無神経な人ともうまくやっていく能力とは?

昔から人が抱える悩みの大半は「人間関係」と言われます。馬が合わない人や困った人、無神経な人に煩わされることの多いのが職場。しかしビジネスパーソンは、そんな人たちともうまくやっていける人間関係能力が求められます。

職場や家庭にいる面倒くさい人や困った人、無神経な人への対処のしかたでもっとも重要なのは、衝動的な反応はしないこと。相手の性格や思考回路を観察して、それに応じた対応をすることを心掛けなければなりません。

日本人は間柄を重んじる国民ですから、たとえ相手に非があることでも、真っ向から戦ってしまえば自分の評価を落とします。

意見を通そうと思うなら、戦うより相手との間柄を良好にする。そのためには相手の心理状態を理解することが重要です。

やっかいな人物を見ると、その人固有の性格や特徴のように感じるかもしれませんが、対応次第で変わっていきます。厄介な人物はいくつかのパターンに分類することができますが、それぞれの心理メカニズムを踏まえることで関係性を壊すことなく、むしろ自分に有利な関係へと変えていくことができます。

話の長い上司には、話が長くなる理由がある

ではさっそく今回のテーマに入りましょう。第1回の話題は話の長い人への対処法です。

3分で済みそうな指示を、言い方を変えてくどくどと説明し続ける上司。あなたの職場にもいるのではないでしょうか。

話の長い人にはいくつかのパターンがあります。

一つ目は、相手が強い不安を抱えているパターン。このパターンの人は自分の話がちゃんと理解されているかどうか気になるあまり、同じ話を繰り返してしまいます。そして前に説明したことを再び持ち出して最初から説明してしまいます。

近年、職場内のコミュニケーションギャップが拡大していると言われています。コミュニケーションギャップとは、本来伝わっていなければいけないことが伝わっていなかったり、誤解して伝わってしまうこと。

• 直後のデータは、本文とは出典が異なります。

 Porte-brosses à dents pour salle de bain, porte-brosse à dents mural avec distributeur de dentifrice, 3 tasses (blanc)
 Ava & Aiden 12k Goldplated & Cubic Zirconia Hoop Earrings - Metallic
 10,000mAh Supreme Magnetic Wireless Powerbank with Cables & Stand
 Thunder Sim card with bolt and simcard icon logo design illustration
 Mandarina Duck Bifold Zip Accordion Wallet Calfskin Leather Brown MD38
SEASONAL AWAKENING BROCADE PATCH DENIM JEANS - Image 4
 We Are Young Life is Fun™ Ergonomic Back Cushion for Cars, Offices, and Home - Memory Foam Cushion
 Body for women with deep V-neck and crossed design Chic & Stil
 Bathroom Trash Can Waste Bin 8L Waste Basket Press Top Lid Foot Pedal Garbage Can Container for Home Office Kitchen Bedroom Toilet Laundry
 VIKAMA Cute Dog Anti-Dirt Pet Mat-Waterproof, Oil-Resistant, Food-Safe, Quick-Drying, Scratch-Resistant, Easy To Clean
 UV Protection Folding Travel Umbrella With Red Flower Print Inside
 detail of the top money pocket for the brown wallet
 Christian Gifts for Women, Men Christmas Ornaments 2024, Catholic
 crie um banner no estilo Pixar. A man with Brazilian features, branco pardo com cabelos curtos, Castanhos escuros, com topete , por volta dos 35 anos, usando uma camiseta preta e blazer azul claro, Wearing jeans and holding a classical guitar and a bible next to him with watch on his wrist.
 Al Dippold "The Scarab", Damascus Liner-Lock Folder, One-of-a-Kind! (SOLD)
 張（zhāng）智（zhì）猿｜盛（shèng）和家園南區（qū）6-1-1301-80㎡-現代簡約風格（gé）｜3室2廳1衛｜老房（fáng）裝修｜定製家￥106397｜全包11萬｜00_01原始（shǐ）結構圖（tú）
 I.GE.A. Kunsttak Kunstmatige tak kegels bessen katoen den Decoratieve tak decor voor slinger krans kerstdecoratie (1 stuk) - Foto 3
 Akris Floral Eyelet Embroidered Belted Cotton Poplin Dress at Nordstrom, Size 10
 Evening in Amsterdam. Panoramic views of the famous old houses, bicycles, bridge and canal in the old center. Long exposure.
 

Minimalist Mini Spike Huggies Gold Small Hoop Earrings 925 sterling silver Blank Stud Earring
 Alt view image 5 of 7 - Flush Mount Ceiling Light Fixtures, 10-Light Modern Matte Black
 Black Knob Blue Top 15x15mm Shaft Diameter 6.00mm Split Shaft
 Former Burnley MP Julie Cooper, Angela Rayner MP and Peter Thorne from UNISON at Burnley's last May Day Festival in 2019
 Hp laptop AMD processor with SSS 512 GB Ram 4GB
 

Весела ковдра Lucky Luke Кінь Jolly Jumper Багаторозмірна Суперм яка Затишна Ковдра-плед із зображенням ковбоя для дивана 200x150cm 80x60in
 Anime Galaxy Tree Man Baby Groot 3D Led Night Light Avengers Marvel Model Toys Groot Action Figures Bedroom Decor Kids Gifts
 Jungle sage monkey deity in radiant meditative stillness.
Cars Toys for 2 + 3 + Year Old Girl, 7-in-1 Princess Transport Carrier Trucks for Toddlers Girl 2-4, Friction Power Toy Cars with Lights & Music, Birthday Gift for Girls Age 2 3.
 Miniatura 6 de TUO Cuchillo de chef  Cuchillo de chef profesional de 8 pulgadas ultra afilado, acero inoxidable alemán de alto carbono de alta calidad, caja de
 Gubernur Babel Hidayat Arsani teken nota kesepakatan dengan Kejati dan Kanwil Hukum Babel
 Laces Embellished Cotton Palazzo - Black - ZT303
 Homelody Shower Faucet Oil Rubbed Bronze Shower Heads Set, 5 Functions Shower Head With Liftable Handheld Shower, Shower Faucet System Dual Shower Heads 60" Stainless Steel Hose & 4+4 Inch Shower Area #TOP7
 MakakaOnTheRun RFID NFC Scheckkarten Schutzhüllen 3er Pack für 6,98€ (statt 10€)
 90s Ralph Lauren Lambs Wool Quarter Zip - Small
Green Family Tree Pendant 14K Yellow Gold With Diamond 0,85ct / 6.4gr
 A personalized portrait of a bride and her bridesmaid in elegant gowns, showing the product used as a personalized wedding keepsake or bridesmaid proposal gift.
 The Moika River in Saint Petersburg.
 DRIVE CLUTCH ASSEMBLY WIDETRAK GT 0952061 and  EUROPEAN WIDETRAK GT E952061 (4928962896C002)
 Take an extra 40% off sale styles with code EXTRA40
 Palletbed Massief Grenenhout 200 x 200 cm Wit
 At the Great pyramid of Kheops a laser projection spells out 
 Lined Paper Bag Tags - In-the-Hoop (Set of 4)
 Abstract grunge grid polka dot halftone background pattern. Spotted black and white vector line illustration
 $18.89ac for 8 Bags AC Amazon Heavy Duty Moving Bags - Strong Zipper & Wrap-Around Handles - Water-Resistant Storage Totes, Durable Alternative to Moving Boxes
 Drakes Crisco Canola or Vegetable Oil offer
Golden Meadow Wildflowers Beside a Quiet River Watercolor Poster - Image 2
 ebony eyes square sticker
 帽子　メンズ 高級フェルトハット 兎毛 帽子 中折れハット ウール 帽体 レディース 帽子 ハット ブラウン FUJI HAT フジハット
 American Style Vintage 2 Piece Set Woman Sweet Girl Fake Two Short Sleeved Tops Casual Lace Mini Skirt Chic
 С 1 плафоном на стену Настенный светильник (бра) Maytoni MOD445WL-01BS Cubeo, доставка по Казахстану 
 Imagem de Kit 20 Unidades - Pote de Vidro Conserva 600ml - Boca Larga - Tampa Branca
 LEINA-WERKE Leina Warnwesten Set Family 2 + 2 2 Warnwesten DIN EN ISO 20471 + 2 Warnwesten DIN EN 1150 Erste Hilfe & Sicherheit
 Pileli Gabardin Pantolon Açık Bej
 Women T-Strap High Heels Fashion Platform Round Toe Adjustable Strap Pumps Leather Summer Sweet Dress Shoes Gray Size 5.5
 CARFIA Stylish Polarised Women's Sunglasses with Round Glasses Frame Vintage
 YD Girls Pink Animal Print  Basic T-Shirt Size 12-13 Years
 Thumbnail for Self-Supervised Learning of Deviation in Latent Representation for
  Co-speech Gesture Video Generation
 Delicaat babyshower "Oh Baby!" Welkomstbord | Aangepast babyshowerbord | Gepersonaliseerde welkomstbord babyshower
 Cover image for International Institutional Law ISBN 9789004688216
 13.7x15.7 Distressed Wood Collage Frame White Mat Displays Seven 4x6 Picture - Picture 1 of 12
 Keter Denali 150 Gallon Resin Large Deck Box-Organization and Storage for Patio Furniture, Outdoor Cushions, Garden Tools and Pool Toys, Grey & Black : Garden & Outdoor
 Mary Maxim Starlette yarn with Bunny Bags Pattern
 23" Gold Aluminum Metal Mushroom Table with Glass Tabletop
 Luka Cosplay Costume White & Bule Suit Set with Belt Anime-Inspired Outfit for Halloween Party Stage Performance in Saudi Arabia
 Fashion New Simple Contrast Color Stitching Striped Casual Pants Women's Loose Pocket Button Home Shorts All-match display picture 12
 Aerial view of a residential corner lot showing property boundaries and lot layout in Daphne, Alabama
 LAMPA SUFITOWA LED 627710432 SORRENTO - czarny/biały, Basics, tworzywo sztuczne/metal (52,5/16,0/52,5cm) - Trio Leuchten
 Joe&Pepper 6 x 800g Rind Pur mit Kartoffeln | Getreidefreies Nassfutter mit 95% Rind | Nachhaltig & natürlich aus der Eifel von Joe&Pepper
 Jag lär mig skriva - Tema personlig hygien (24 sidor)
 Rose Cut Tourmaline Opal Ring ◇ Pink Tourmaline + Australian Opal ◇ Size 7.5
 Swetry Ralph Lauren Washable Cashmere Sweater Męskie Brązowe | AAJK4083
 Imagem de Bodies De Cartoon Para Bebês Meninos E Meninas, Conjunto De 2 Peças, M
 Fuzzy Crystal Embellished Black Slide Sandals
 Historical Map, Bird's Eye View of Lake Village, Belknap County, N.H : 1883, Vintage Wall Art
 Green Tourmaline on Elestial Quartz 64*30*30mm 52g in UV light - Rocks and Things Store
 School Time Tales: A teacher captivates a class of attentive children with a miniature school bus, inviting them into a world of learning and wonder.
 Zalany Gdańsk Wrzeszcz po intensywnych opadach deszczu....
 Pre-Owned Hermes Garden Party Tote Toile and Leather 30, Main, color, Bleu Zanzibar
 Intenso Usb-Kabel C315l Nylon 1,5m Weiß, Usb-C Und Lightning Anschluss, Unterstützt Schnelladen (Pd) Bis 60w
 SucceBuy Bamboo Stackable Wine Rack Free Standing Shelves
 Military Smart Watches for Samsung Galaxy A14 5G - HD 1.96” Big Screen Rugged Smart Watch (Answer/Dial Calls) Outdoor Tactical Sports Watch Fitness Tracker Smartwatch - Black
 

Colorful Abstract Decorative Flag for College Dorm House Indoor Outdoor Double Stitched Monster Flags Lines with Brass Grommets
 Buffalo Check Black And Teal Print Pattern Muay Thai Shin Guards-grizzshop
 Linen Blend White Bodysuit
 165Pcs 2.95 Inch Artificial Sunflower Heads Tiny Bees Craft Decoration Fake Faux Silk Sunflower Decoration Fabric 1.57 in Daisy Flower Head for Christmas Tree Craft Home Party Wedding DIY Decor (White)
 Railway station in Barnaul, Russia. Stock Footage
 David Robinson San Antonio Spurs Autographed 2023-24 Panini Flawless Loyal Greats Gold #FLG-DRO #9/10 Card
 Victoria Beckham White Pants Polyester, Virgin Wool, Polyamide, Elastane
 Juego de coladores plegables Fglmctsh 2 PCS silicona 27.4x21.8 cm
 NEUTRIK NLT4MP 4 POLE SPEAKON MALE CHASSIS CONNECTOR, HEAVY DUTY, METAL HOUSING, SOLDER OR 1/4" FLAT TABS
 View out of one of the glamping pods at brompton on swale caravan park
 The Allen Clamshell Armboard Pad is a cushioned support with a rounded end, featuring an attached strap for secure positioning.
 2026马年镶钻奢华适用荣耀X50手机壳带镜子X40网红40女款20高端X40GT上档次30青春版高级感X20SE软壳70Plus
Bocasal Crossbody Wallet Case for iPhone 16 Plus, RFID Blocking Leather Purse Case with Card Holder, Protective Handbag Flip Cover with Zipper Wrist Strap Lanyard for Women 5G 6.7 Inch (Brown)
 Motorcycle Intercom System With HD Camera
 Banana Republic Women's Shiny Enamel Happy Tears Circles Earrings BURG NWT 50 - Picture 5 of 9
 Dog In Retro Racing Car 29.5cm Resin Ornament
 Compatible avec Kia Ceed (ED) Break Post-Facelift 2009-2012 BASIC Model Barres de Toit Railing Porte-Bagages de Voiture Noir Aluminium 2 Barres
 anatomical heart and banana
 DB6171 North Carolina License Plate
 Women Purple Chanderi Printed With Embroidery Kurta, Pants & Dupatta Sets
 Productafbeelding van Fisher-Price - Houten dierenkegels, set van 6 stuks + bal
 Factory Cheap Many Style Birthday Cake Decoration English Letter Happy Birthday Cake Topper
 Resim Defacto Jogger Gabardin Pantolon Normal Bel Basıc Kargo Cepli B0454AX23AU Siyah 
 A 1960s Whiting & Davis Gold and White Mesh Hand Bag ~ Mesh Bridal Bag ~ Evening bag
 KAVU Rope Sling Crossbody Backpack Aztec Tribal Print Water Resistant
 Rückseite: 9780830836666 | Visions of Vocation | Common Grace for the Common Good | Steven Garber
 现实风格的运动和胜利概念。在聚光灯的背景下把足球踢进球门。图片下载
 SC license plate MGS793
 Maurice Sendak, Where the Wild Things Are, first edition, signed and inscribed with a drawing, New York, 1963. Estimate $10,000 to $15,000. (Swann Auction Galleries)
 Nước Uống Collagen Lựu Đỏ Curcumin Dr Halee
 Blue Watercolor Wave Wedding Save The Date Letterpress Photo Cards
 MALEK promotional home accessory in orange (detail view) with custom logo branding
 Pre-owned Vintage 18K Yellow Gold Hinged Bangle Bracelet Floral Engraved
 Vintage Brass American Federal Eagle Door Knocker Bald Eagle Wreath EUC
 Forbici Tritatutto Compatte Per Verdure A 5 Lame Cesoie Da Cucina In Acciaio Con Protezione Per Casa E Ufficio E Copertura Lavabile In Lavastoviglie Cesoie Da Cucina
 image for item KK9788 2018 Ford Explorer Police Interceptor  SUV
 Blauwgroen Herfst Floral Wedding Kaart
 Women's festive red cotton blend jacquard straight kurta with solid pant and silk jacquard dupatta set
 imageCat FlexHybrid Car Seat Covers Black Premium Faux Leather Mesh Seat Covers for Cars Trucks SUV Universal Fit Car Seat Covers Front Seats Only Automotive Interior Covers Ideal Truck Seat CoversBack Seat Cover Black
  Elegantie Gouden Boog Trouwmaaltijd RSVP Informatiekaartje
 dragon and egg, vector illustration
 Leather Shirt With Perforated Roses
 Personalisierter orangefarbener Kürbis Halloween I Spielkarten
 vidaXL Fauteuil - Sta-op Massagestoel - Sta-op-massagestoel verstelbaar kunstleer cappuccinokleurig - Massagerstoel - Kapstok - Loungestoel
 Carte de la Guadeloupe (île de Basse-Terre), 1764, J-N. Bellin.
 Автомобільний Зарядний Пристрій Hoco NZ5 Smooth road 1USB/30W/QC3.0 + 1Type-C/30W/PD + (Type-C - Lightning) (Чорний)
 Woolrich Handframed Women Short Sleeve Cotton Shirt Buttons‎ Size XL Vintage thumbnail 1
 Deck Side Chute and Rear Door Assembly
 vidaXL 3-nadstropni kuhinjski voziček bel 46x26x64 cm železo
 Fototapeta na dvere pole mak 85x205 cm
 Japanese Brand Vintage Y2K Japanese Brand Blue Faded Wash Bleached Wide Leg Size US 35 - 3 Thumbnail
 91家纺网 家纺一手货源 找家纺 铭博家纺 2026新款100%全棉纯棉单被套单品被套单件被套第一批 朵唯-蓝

このようなギャップが生まれている背景には、急速な社会の変化があります。これまでの常識が通用しなくなり、日々新しい常識が生まれている中で、世代間の価値観の違いが際立ってきたことのあらわれでもあります。

それとともに気になるのは、スマートフォンやデジタル機器など、人間の記憶を補完するデバイスが普及したことで、脳のワーキングメモリーと言われる領域の機能が低下している人が増えていることです。単純なことでも記憶に留まらず、若い頃から忘れっぽい人が増えています。

こうしたことから部下とのコミュニケーションに不安を感じている上司が増えており、その結果、指示もくどくなってしまうのです。

この場合の対策としては、上司が同じ話をし始めたときに、「そこは先日のご説明で理解しているつもりです」と、こちらが理解していることを伝えること。それで上司は安心して別の話題に移るか、話を終えることができるようになります。